| What you have to do |
Below is a block of records; repeat all of them exactly.
──────── Provided entries ────────
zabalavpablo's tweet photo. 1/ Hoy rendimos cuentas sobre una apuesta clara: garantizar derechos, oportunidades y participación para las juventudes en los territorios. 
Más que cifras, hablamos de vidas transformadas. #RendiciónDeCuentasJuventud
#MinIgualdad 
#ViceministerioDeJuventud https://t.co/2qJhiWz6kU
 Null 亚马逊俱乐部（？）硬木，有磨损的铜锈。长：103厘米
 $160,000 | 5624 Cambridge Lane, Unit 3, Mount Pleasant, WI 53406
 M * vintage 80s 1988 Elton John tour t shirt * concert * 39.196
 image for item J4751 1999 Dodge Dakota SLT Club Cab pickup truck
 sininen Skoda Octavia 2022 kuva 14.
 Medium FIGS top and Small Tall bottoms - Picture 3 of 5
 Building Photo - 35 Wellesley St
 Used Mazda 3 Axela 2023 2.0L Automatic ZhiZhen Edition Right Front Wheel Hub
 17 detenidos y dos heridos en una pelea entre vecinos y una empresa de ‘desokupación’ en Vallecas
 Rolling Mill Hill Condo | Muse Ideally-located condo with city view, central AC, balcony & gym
────────
| Written solution |
zabalavpablo's tweet photo. 1/ Hoy rendimos cuentas sobre una apuesta clara: garantizar derechos, oportunidades y participación para las juventudes en los territorios. 
Más que cifras, hablamos de vidas transformadas. #RendiciónDeCuentasJuventud
#MinIgualdad 
#ViceministerioDeJuventud https://t.co/2qJhiWz6kU
 Null 亚马逊俱乐部（？）硬木，有磨损的铜锈。长：103厘米
 $160,000 | 5624 Cambridge Lane, Unit 3, Mount Pleasant, WI 53406
 M * vintage 80s 1988 Elton John tour t shirt * concert * 39.196
 image for item J4751 1999 Dodge Dakota SLT Club Cab pickup truck
 sininen Skoda Octavia 2022 kuva 14.
 Medium FIGS top and Small Tall bottoms - Picture 3 of 5
 Building Photo - 35 Wellesley St
 Used Mazda 3 Axela 2023 2.0L Automatic ZhiZhen Edition Right Front Wheel Hub
 17 detenidos y dos heridos en una pelea entre vecinos y una empresa de ‘desokupación’ en Vallecas
 Rolling Mill Hill Condo | Muse Ideally-located condo with city view, central AC, balcony & gym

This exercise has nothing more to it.